Political Prosecutions
April 11, 2007
The
media has given extensive coverage to the eight U.S. attorneys (USAs)
purged by the Bush administration. But only recently have reporters
started looking at the remaining prosecutors -- and what it took for
them to keep their jobs. Since last March, the Justice Department has
named at
least nine U.S. attorneys with strong partisan ties
to the Bush administration. Most
have "few, if any, ties to the communities they've been appointed to
serve, and some have had little experience as prosecutors." Career
prosecutors have begun to protest the mismanagement and partisanship of
these Bush appointees, who are causing turmoil across the
country. Several of the USAs are also serving
double-duty as Justice Department officials in Washington, blurring the
line between politics and justice. Additionally, statistical evidence
shows that many of the remaining U.S. prosecutors "decided to protect
their jobs or further their careers by doing what the administration
wanted them to do: harass Democrats while turning
a blind eye to Republican malfeasance."
The
appointment of unqualified conservative loyalists has lead to turmoil
and rebellion in some U.S. attorneys' offices across the country.

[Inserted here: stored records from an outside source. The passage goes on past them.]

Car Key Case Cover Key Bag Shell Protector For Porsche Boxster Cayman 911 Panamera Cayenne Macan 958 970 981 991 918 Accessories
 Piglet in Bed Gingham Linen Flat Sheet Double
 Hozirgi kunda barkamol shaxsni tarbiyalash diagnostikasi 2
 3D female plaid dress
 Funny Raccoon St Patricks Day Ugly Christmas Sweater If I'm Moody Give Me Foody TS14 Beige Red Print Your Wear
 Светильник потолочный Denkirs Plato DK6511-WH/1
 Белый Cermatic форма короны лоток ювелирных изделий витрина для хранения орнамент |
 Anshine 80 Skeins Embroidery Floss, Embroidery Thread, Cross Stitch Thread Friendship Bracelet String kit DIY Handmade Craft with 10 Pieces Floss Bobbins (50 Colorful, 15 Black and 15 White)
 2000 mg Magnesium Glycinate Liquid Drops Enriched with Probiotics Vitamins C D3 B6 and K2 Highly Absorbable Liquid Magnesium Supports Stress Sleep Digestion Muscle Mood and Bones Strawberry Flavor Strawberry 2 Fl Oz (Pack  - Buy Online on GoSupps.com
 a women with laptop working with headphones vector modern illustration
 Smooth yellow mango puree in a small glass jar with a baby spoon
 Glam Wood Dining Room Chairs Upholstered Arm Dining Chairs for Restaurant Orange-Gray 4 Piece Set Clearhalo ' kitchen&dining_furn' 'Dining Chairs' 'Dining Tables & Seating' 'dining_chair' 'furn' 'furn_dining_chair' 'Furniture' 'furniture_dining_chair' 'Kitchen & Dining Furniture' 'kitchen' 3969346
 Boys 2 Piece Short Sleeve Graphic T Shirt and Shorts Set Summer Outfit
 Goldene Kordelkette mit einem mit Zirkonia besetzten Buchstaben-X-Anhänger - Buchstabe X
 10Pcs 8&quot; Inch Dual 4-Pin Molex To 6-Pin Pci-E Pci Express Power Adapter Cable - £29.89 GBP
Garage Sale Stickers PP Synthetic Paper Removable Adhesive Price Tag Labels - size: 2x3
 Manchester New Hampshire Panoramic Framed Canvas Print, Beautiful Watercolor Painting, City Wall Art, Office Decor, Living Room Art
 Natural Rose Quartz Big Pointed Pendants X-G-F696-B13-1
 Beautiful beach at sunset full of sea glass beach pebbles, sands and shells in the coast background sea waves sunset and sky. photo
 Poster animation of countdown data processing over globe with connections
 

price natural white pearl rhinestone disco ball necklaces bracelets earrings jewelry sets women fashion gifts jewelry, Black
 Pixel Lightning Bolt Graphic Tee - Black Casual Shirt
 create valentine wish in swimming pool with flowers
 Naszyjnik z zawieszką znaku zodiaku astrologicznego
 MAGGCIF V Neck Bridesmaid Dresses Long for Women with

Last week, four top staffers to
Rachel Paulose, the U.S. attorney in
Minnesota,
voluntarily
demoted themselves in protest of
Paulose's "
highly
dictatorial style" of managing.
One federal attorney
said that in Paulose's office, "
[d]isagreement
is treated as disloyalty." The
Bush administration tried to
prevent the resignations by taking the
unusual
step of sending a "top justice
official
to Minneapolis Thursday to
mediate
the situation." That same
Justice official -- John
Kelly, the chief of staff and a deputy director in the U.S. attorney's
executive office in Washington -- will now
join
Paulose in Minnesota as her first assistant.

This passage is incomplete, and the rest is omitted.